First you need to tell the node to activate the indexing error storage, and which index the error documents must be sent. Use the reindex_failed_documents, reindex_only_mapping_exceptions and error_index property as shown next. By default, the reindex_failed_documents is set to "false":

{
  type: elasticsearch_output
  settings: {
    cluster_id: es_search
    reindex_failed_documents: true
    reindex_only_mapping_exceptions: true
    error_index: {
      type: daily
      prefix: mytenant-events-indexation-errors-
    }
    per_stream_settings: [
      ...
    ]
  }
}

Error Document content

The node will generate an error document based on the input tuple fields plus a timestamp (@timestamp by default). The rule is simple :

  • regular user fields : the content of these are escaped and put as json string property. The key is the corresponding key field.
  • punch reserved fields (i.e. starting with _ppf) : the content of these are put as is as json (string or numerical) property. The key is also the corresponding key field.

Here is an example : say you receive this tuple:

[ "log": { "age": 23 , "ip": "not a valid ip" }, "_ppf_id": "12asyw" ]

Expecting the "log" field to hold the document to insert to elasticsearch. The node first attempt to write this into elasticsearch :

{ "age" : 23 , "ip" : "not a valid ip" }

It fails because, in this case, the field ip does not contains a valid ip address. The node will then insert into the specified error index the following document:

{
  "@timestamp" : "2018-05-24T13:47:32.642Z",
  "_ppf_id": "12asyw",
  "log" : "{\"age\": 23 , \"ip\": \"not a valid ip\" }"
}

This time the document will be accepted (as long as the error index mapping is properly defined of course).

Escaping strategy

To ensure error document will not be themselves refused, any user field is escaped (i.e. transformed in a plain string with all quotes and reserved json characters escaped).
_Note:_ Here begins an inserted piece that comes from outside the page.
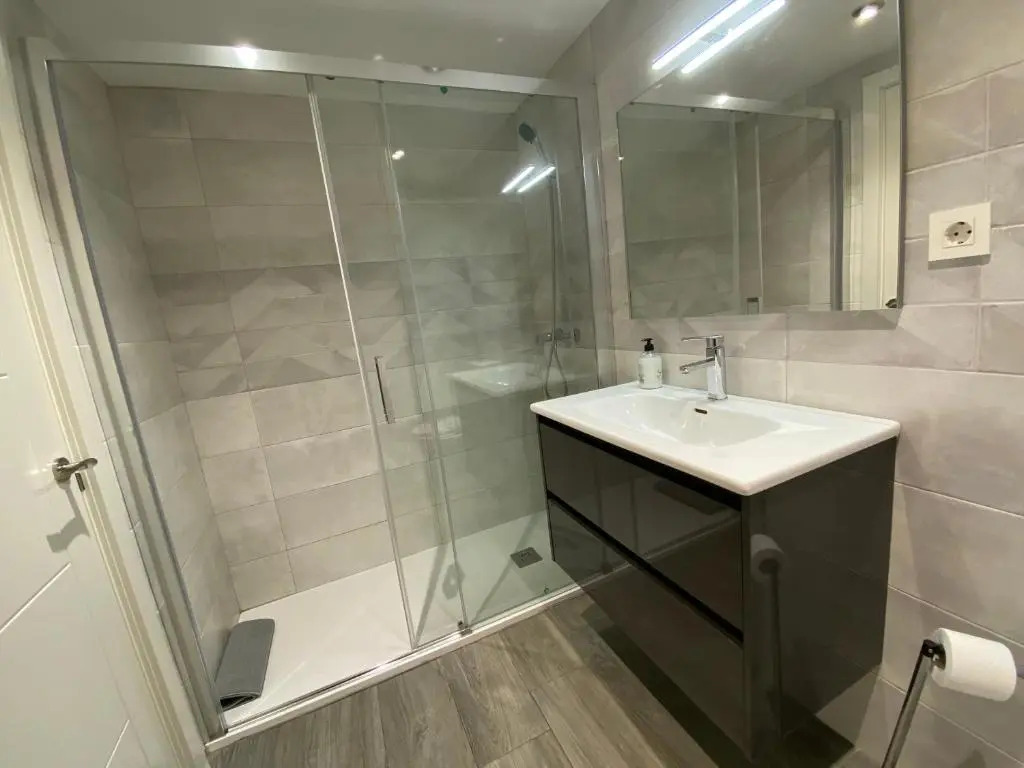 Apartamentos Dos Torres Frodo - Parking privado gratis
In contrast, reserved punchplatform fields (refer to IReservedFields) will be included as is. These can only contain safe strings with no risk to being refused by elasticsearch.

Rationale

Dealing with errors without loosing data is a complex issue. The punchplatform design ensures you will have, saved in elasticsearch, all the required fields to be able to :

  1. understand the error cause, and
  2. re-process the error documents using a replay topology that includes a simple punchlet.

Since all the received fields are part of the error document, you must simply decide which ones are useful for your error handling.
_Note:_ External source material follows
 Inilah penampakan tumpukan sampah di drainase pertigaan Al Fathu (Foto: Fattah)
For example, it is a good idea to include the platform, tenant and channel information as part of it. Simply arrange to propagate the _ppf_platform, _ppf_tenant and _ppf_channel fields as part your stream. These will appear as searchable fields in your error elasticsearch index.

Failing strategy

You may want to avoid failing your tuple in case of indexation error, in order to keep your punchline running for example. To do that and keep track of the failing tuples, you can define a _ppf_errors stream in your publish settings. If such a stream exists, then your node will not fail tuple but ack them and send them to the _ppf_errors stream, in order to be processed.